Nothing should appear in the answer except the lines below from the line containing "istock mountaineer taking" through the line containing "1320 34th Street", copied exactly, with pictures left out.

### Excerpted records
--- START ---

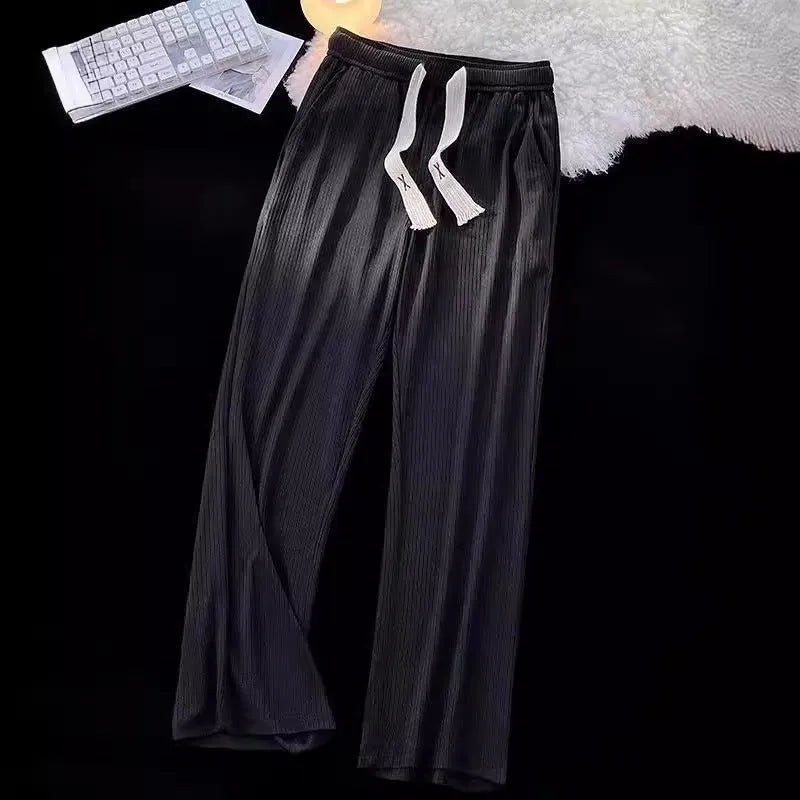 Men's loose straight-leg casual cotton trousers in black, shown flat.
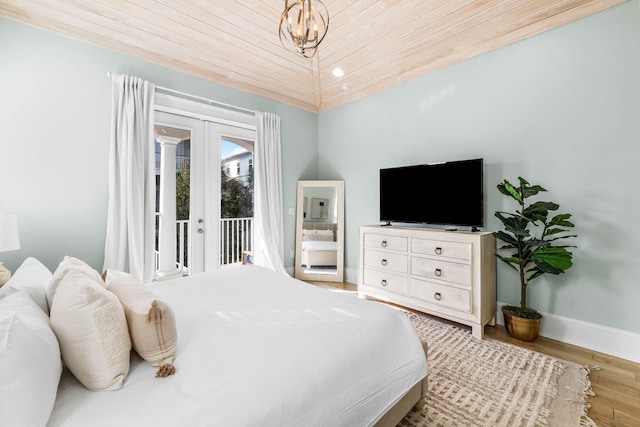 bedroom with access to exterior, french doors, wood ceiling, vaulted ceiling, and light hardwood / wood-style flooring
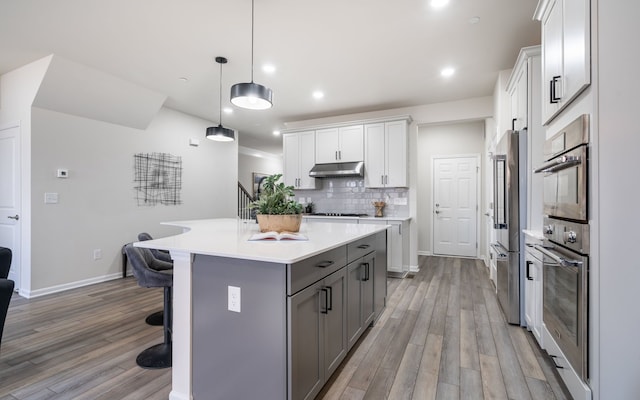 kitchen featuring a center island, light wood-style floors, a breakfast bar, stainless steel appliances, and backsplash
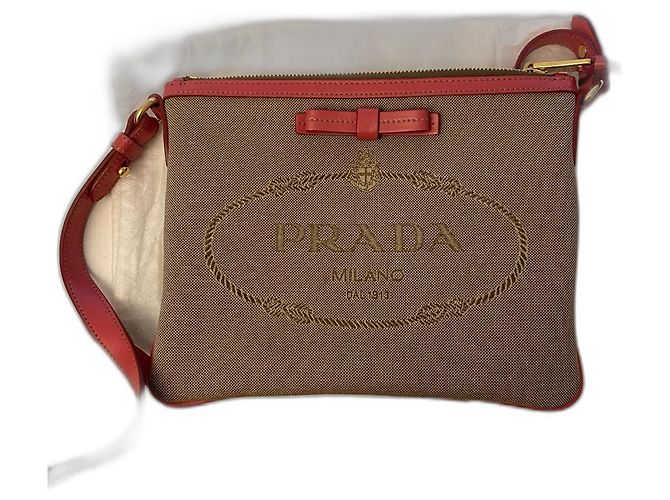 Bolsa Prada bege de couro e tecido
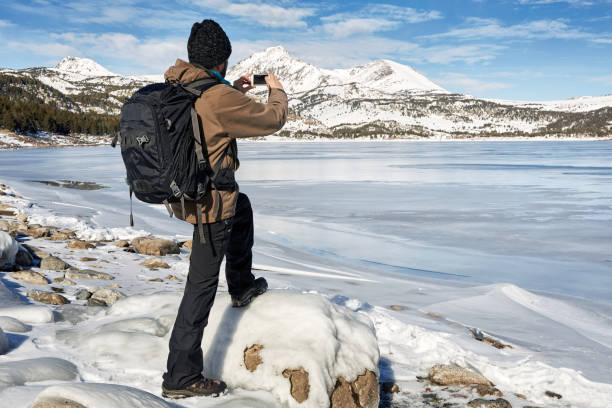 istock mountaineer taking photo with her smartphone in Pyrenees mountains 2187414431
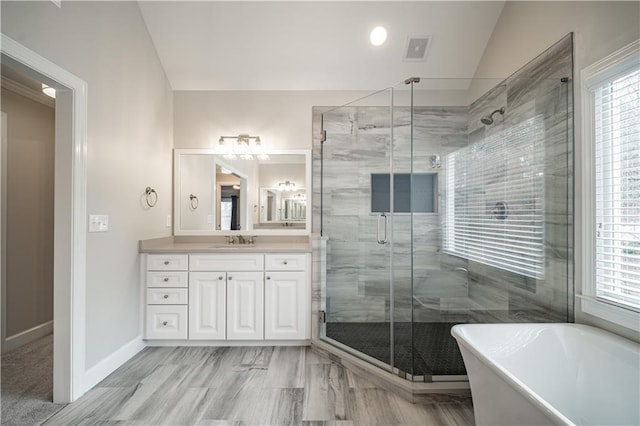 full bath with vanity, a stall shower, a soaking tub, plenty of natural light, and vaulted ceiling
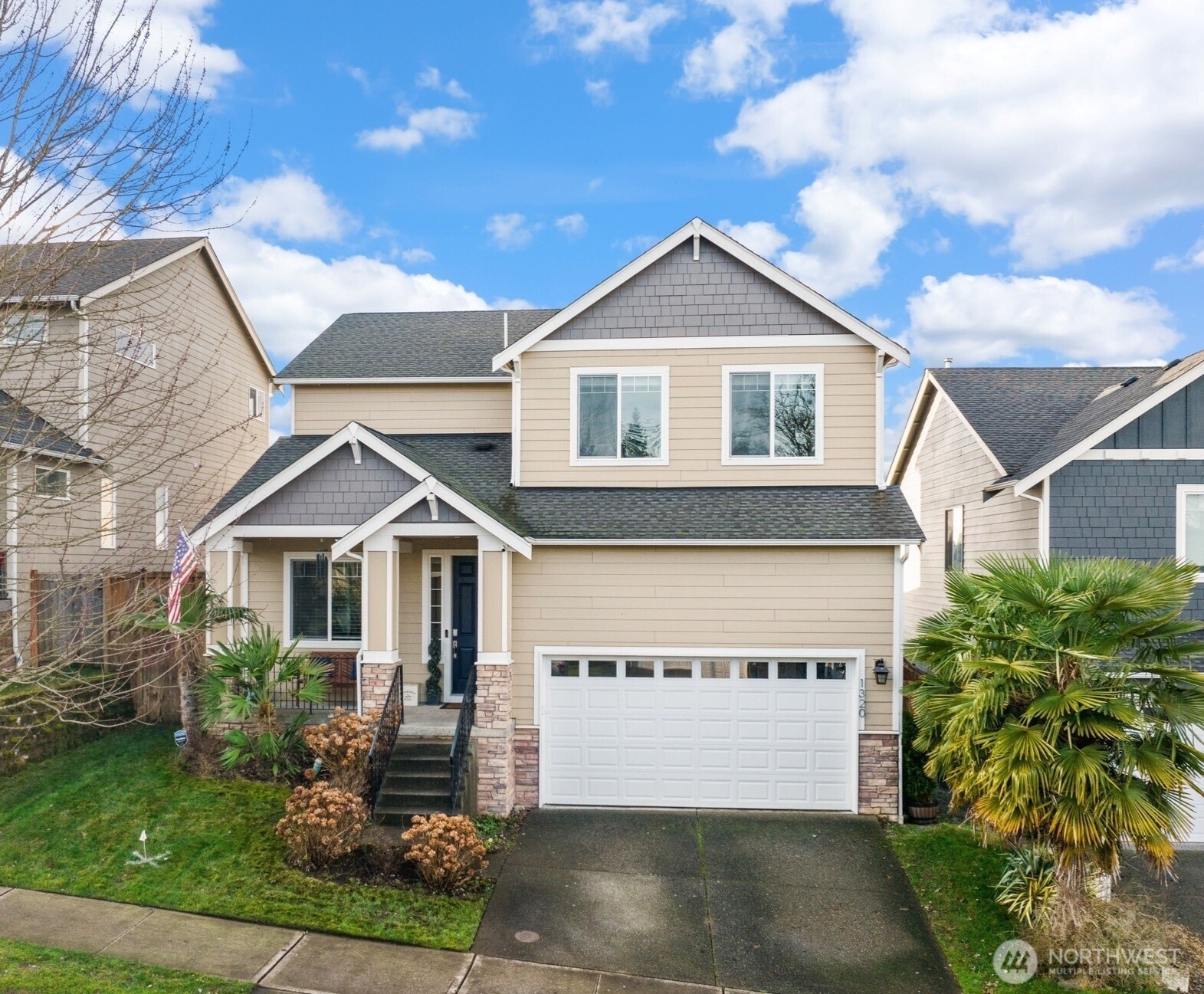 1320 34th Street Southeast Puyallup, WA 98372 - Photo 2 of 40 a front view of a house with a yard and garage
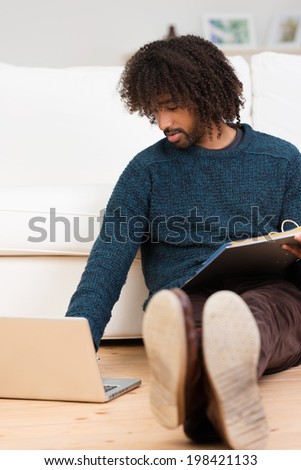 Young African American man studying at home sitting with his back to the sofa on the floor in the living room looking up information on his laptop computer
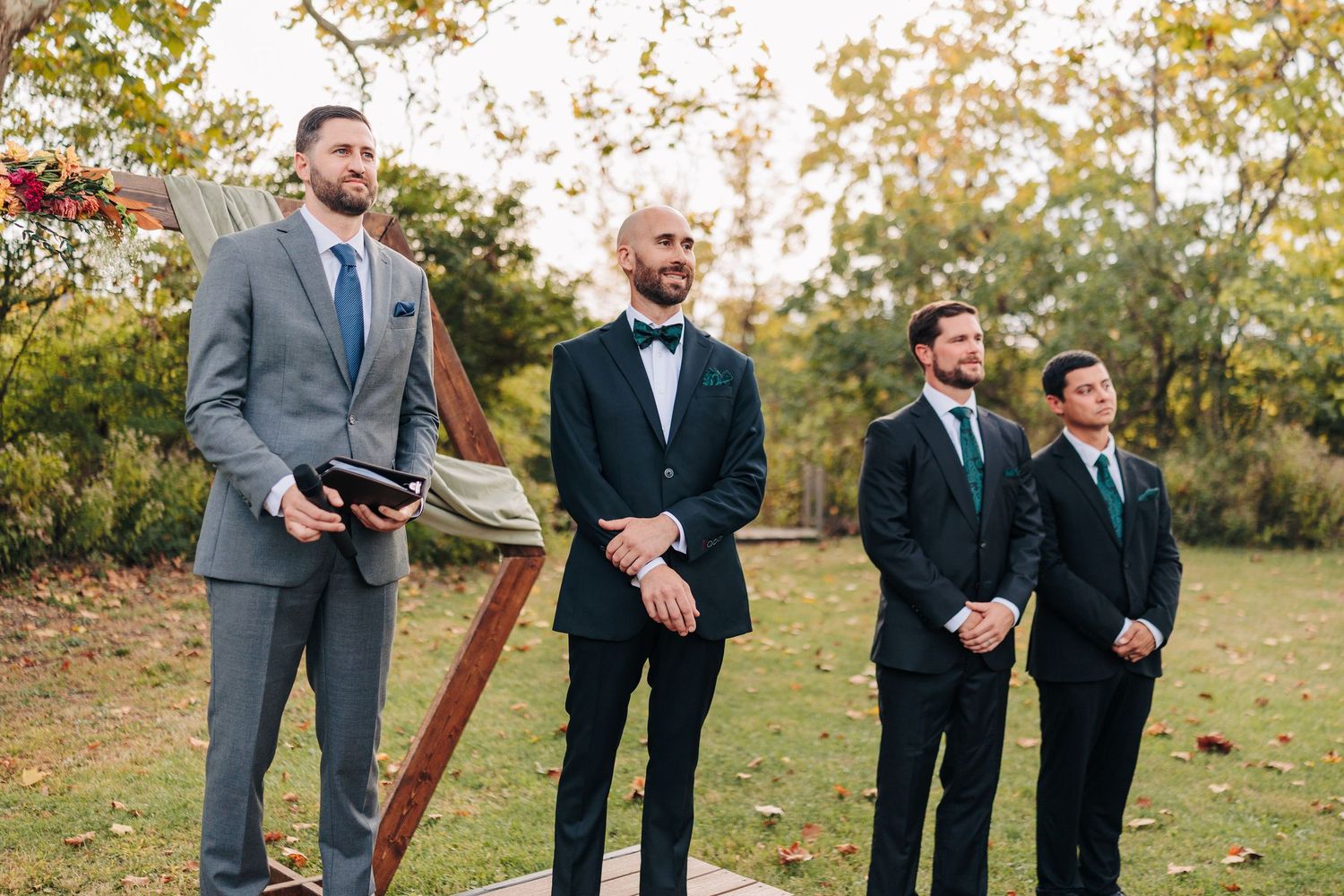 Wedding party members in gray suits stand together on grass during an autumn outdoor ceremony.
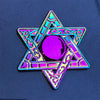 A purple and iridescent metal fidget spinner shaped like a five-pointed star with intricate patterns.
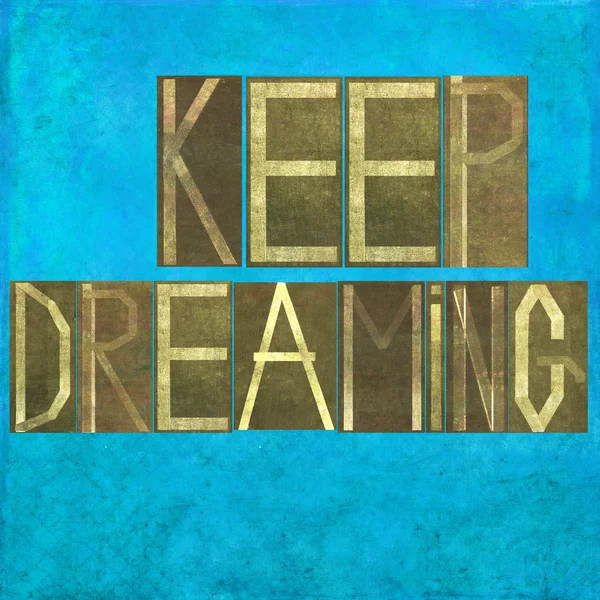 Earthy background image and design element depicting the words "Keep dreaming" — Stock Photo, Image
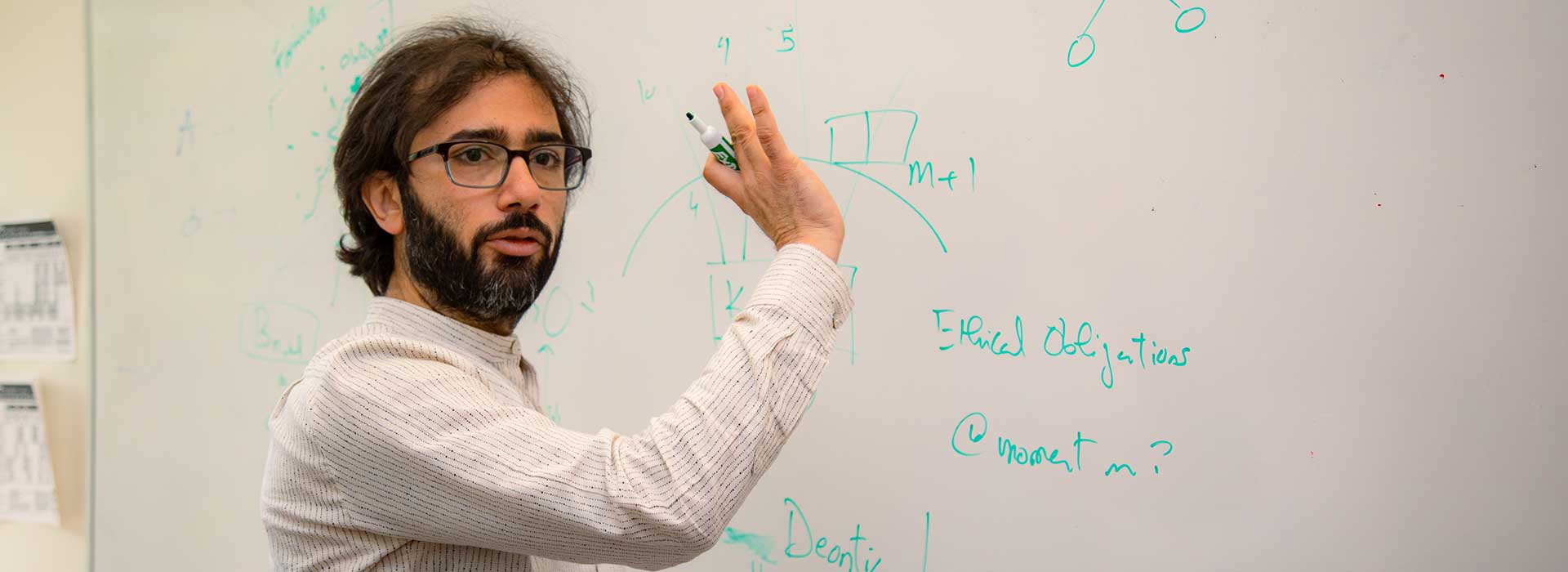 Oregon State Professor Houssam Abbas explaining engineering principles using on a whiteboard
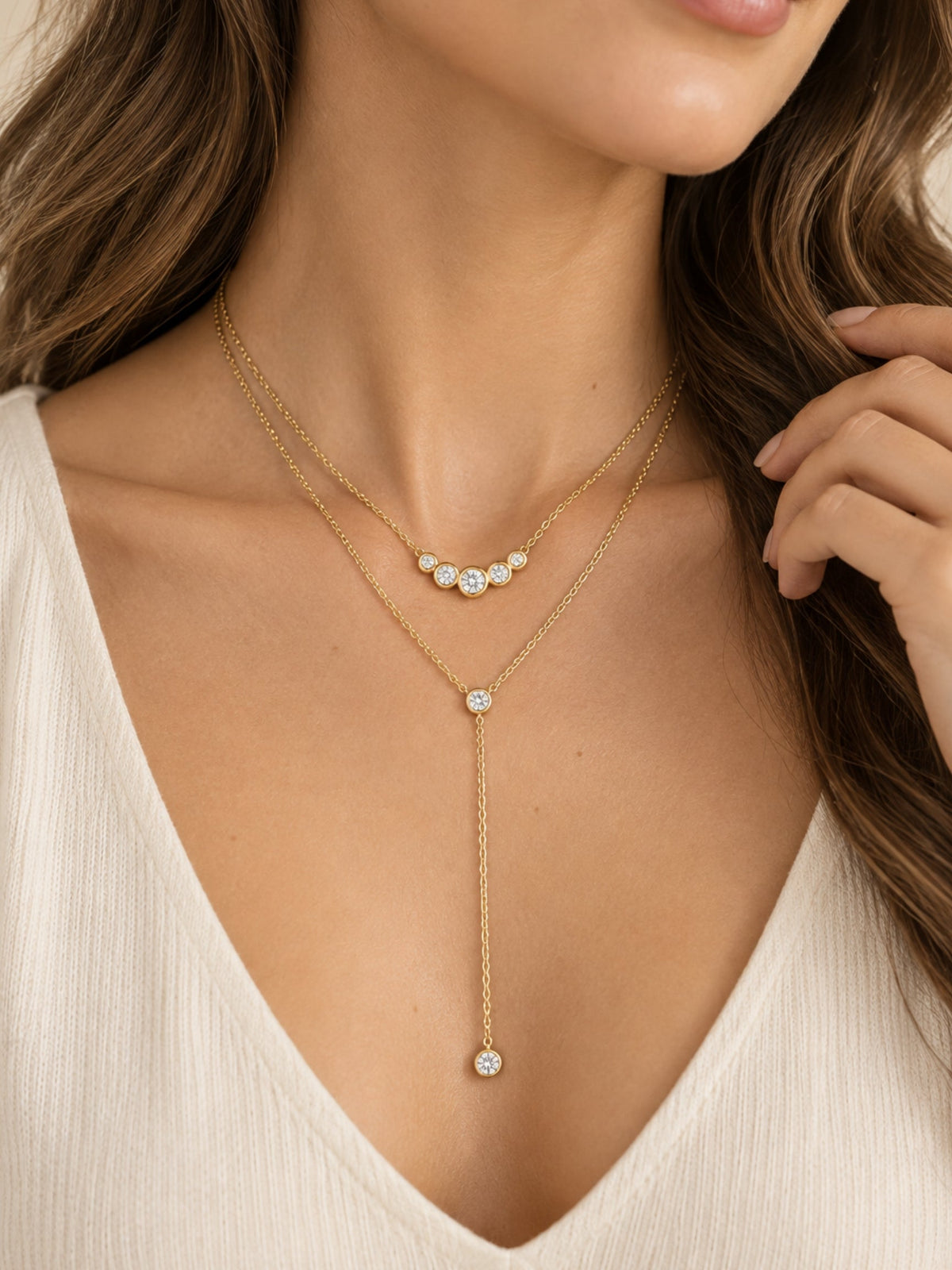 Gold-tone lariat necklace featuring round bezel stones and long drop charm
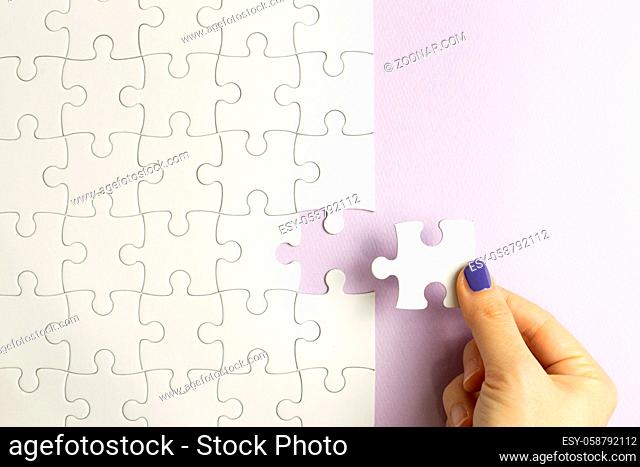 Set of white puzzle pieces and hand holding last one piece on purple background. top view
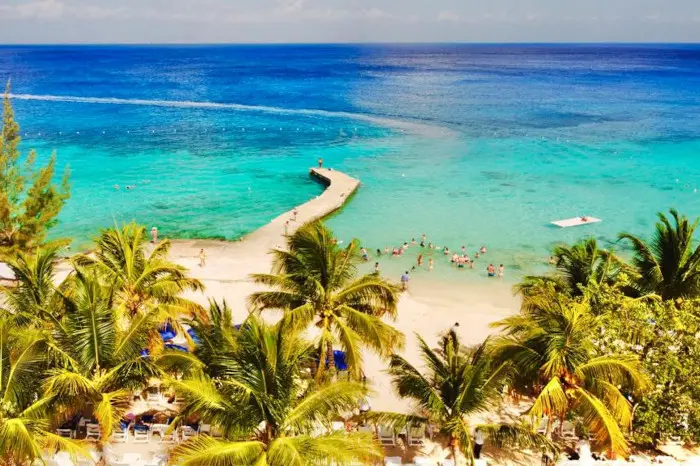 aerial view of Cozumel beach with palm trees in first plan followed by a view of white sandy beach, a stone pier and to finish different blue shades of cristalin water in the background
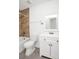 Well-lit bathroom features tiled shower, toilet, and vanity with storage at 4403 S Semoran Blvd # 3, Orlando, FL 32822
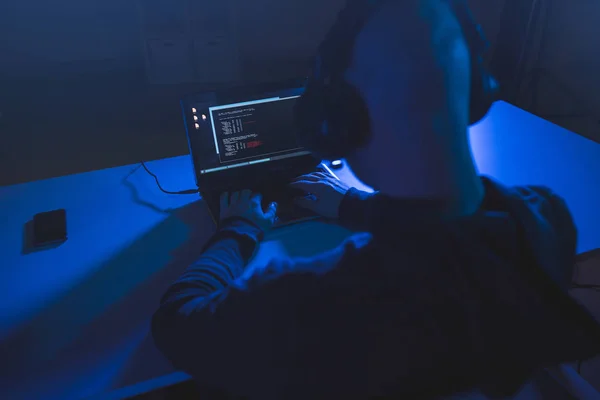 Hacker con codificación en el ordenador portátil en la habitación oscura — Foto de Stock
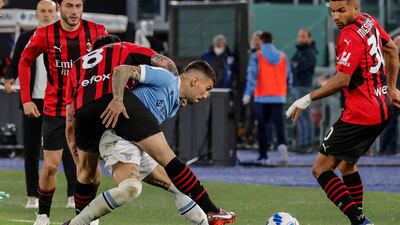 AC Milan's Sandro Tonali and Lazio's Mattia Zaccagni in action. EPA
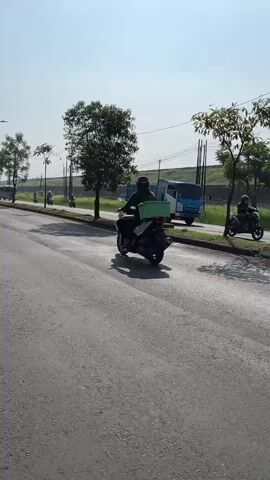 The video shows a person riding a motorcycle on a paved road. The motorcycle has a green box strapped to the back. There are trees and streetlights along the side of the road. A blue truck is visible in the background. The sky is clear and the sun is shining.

--- END ---

### Response
 istock mountaineer taking photo with her smartphone in Pyrenees mountains 2187414431
 full bath with vanity, a stall shower, a soaking tub, plenty of natural light, and vaulted ceiling
 1320 34th Street Southeast Puyallup, WA 98372 - Photo 2 of 40 a front view of a house with a yard and garage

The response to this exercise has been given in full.